The answer for How do you know a straight line forms an angle of 180°? is (by users in the post) that A straight line, by definition, is $180^\circ$.
I wonder why mathematicians don't chose any other number but $180$ for the definition of a straight line.
On
It is that way for historical reasons.
Babylonians used to count with an sexagesimal system (base 60 instead of base 10).
And they chose straight line as three of their units.
Also for defining $\pi$, Euler used different notations, like we use $\theta$ these days for noting any angle, sometimes $\pi$ refered as the value $\pi$, sometimes as $2 \pi$. So once again, it's for historical reasons that we picked these choices.

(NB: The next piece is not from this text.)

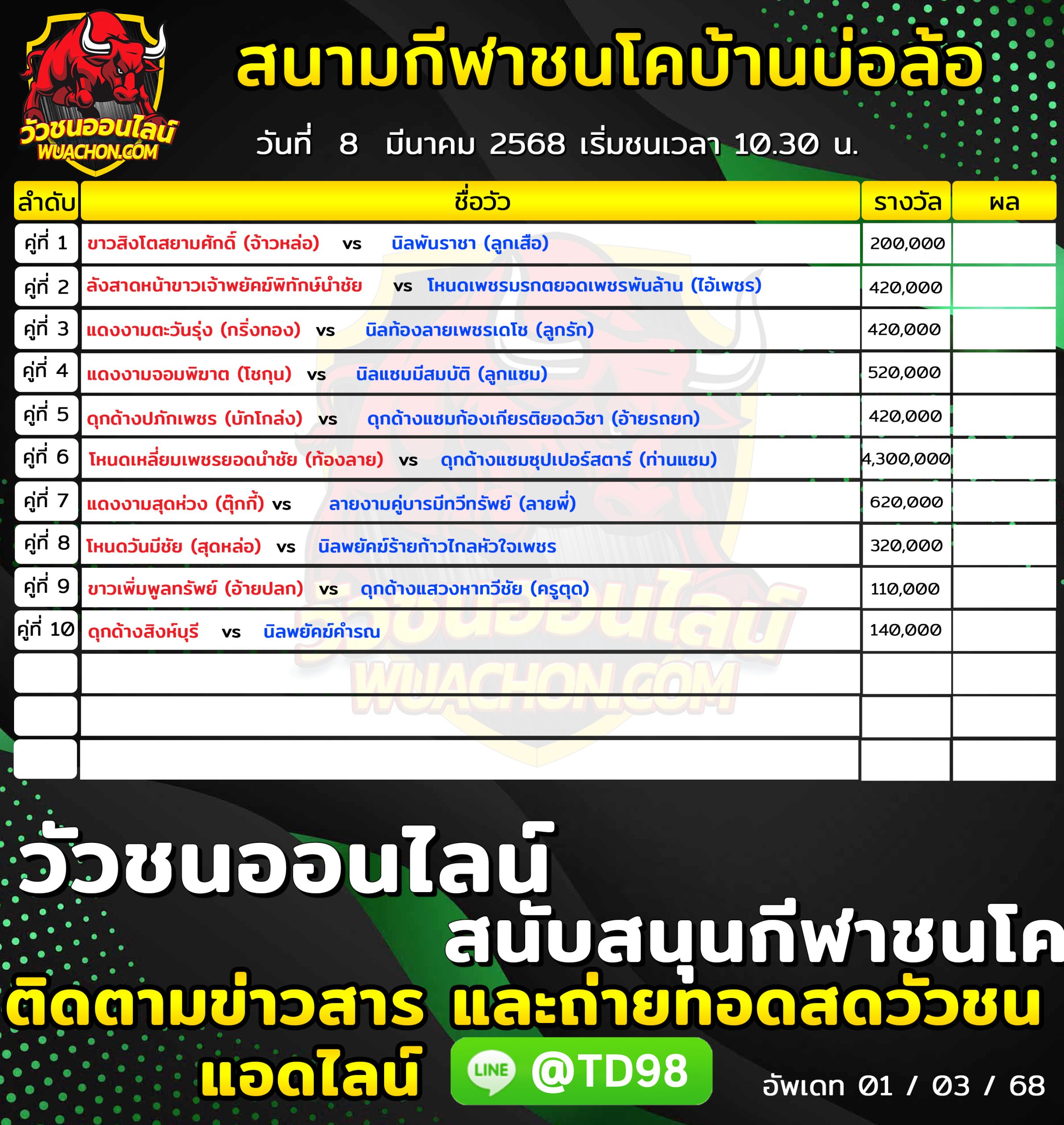 You are currently viewing โปรแกรมวัวชน สนามกีฬาชนโคบ้านบ่อล้อ 8 มีนาคม 2568 รายการวัวชน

Feel free to imagine other conventions, but it's very unlikely other mathematicians will understand.
On
Your question is more, why have mathematicians chosen $360^\circ$, as a straight line is just half of a full turn. $360^\circ$ is chosen because it has a lot of factors (1, 2, 3, 4, 5, 6, 8, 9, 10, 12, 15, ...), a more natural measurement of angle is Radians, in which a straight line is $\pi$ and a full turn is $2\pi$.
Have a read of this:
Mathematicians don't use angles at all. Historically because the solar cycle was close to $360$ days and babylonians used a base $60$ number system so $360$ was used to describe a full cycle similar to the solar year. Typically definitions are meant to match intuition, so a straight line should be straight in the colloquial sense and only one angle can represent that.